Ingredients
- Guanciale Cured pork jowl, what you'd use in Roman pasta dishes if you could pick. Soft fat, deep flavour, renders into something almost buttery.
- Pancetta Cured pork belly, the everyday cured pork most Italian households reach for. Leaner than guanciale, lighter in flavour.
- Pecorino Romano DOP Aged sheep's milk cheese, salty and sharp. The cheese for Roman pasta dishes and a fair bit beyond.
- Parmigiano Reggiano Aged cow's milk cheese from Emilia-Romagna. Sweeter and nuttier than pecorino, the everyday grating cheese in most of Italy.
- San Marzano Tomatoes A long, plum-shaped tomato grown in the volcanic soil south of Vesuvius. Sweet, low-acid, and dense enough that it holds its shape in a sauce.
- Carnaroli Rice An Italian short-grain rice, harder-shelled than Arborio. Holds its bite through a long stir and absorbs stock well without going to mush.
- Porcini A wild mushroom with a dense, meaty texture and a deep savoury flavour. Fresh in autumn, dried (and powerfully concentrated) the rest of the year.
- Mascarpone A soft, very fatty fresh cheese from cream and a touch of acid. The body of tiramisù and a fair number of pastry creams.

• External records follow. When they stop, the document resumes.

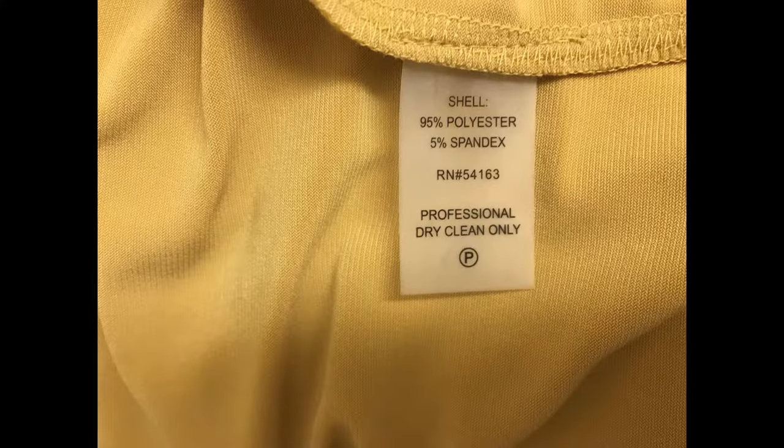Hi, it's Dr. Laura Jagat and I'm going to talk a little bit about at home dry cleaning. Let's say you want to wash something and the wash instructions on the label say dry clean only. Your first question might be, do they really mean dry clean only? Is there some way I can wash this on my own at home?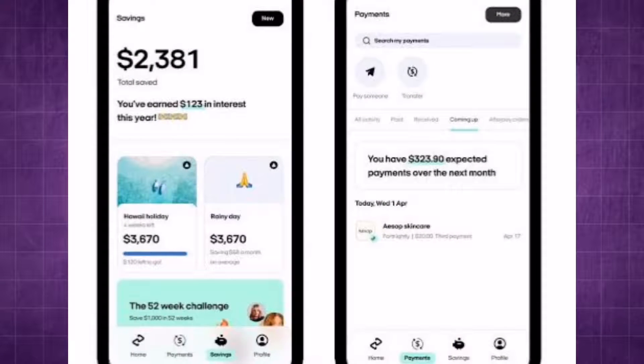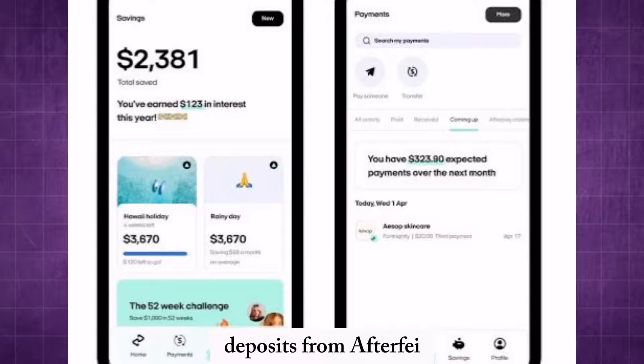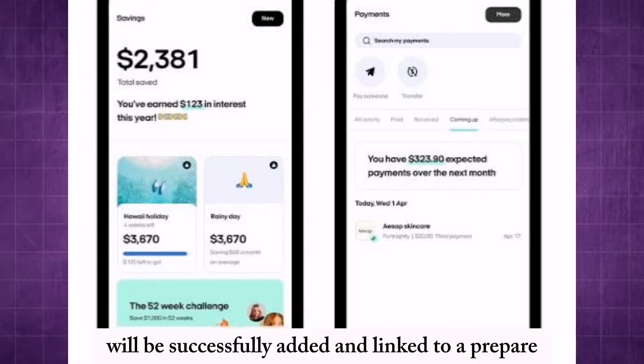Wait for the verification of the bank account, which may take some time. Check your bank statement for small verification deposits from Afterpay, then confirm these deposit amounts within your Afterpay account to verify and successfully link your bank account.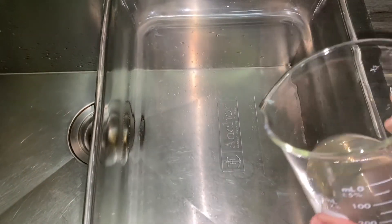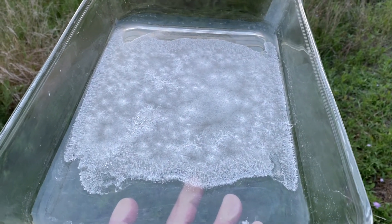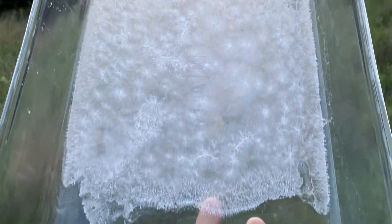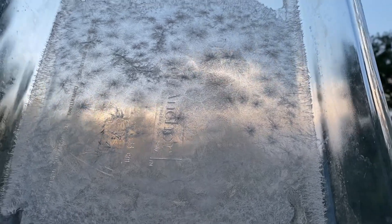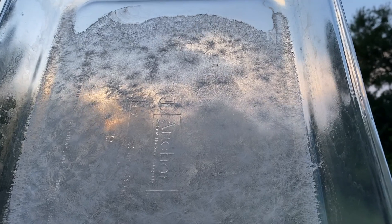Here we are after drying out the CBG-alcohol mixture, and we have pure CBG crystals. They have a really neat pattern — almost like spangling, like what you see on galvanized metal.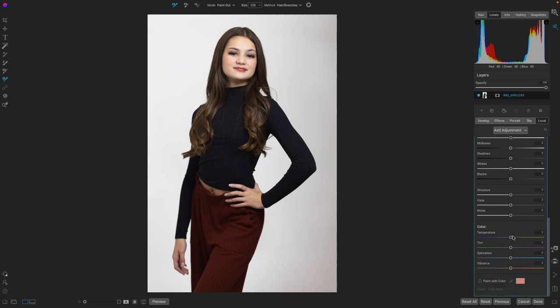Let's go down to the temperature and warm it up a little bit. And we'll go to the tint — that's making it pop a little bit better that way. And what we really need is some vibrance here, like her lips. That's looking awesome, just like that.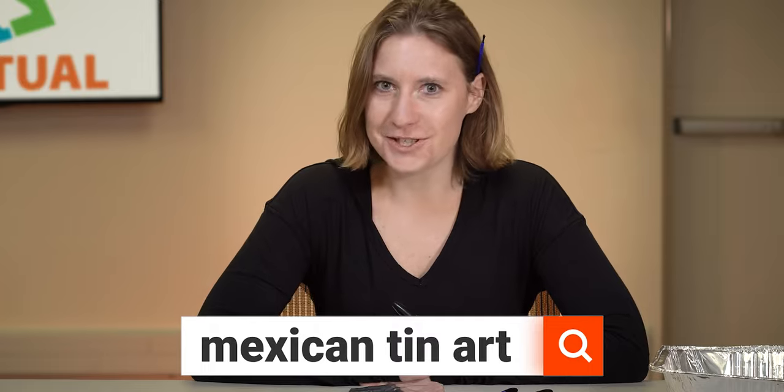I hope you guys study up some more on Mexican Tin Art. Look it up, research it, see where it all comes from, and try it out yourself. Bye guys!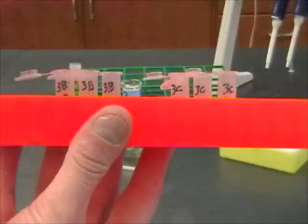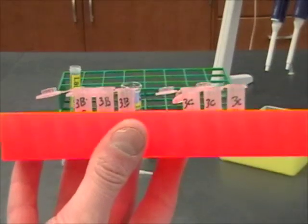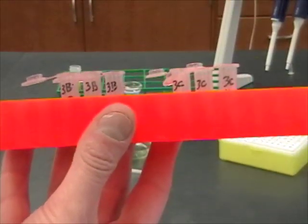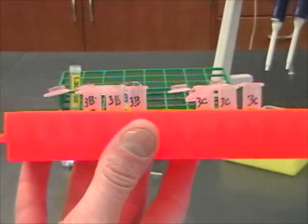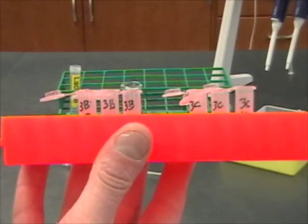There are just six tubes here, but these are only the tubes that I need. Everybody in the lab is going to need six tubes labeled 1B, 2B, et cetera. So there's going to be a lot of tubes in here, and you've got to get them all measured out before you start.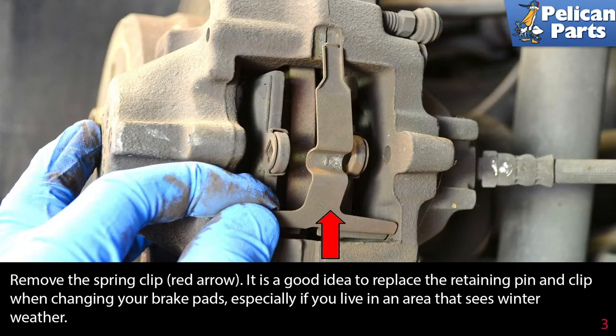Remove the spring clip. It is a good idea to replace the retaining pin and clip when changing your brake pads, especially if you live in an area that sees winter weather.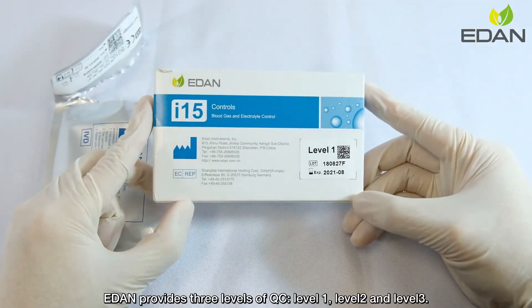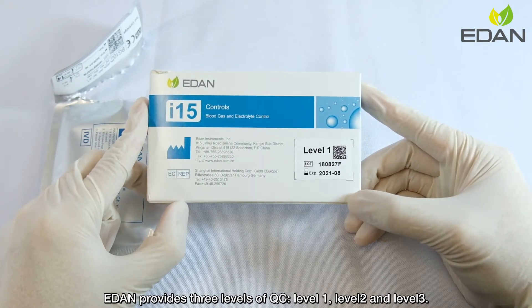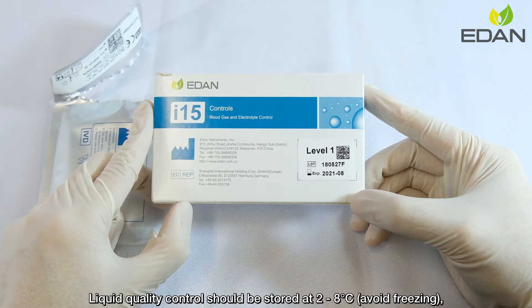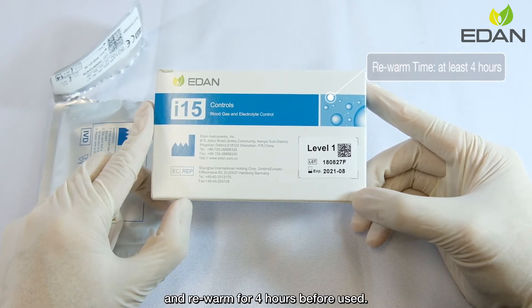Eden provides 3 levels of QC: Level 1, Level 2, and Level 3. Liquid quality control should be stored at 2 to 8 degrees Celsius, avoid freezing, and rewarmed for at least 4 hours before use.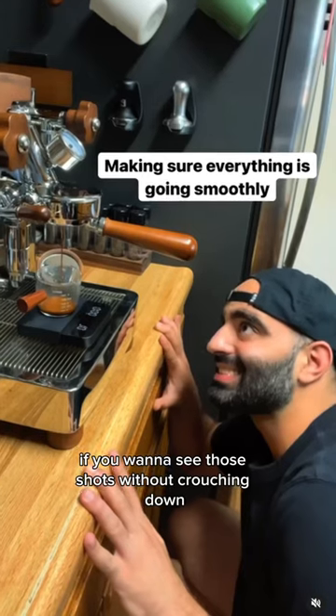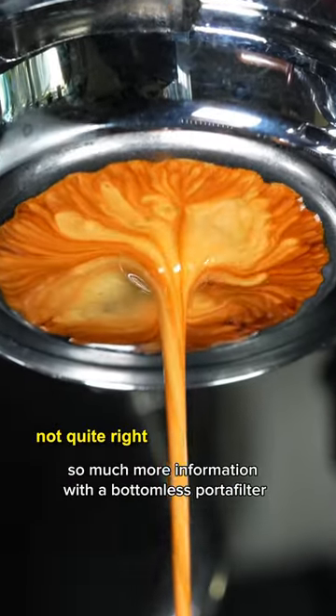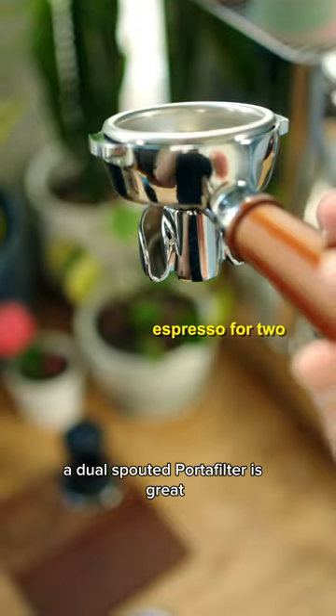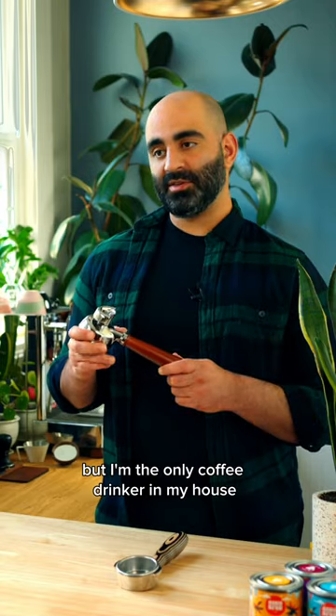And of course you'll need a mirror if you want to see those shots without crouching down. You really get so much more information with a bottomless portafilter, and that's really the most important thing — being able to see it, taste it, and then make any adjustments. A dual spouted portafilter is great for splitting drinks, but I'm the only coffee drinker in my house and I don't actually have any friends in real life who are coming over for coffee.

- Savoiardi Dry, dusty, slightly sweet sponge biscuits. The structural layer of tiramisù and the base of a fair number of cold desserts.
Techniques
- Mantecatura The final step in risotto and a fair few pasta sauces: beating in cold fat and cheese off the heat to bind the dish into something glossy and loose.
- Acqua di Cottura The starchy water pasta cooks in. The hidden ingredient in most Italian pasta sauces. Always scoop some out before draining.
- Soffritto Finely chopped aromatic vegetables (usually onion, carrot, celery) sweated slowly in fat. The flavour base under most Italian braises, ragùs, soups.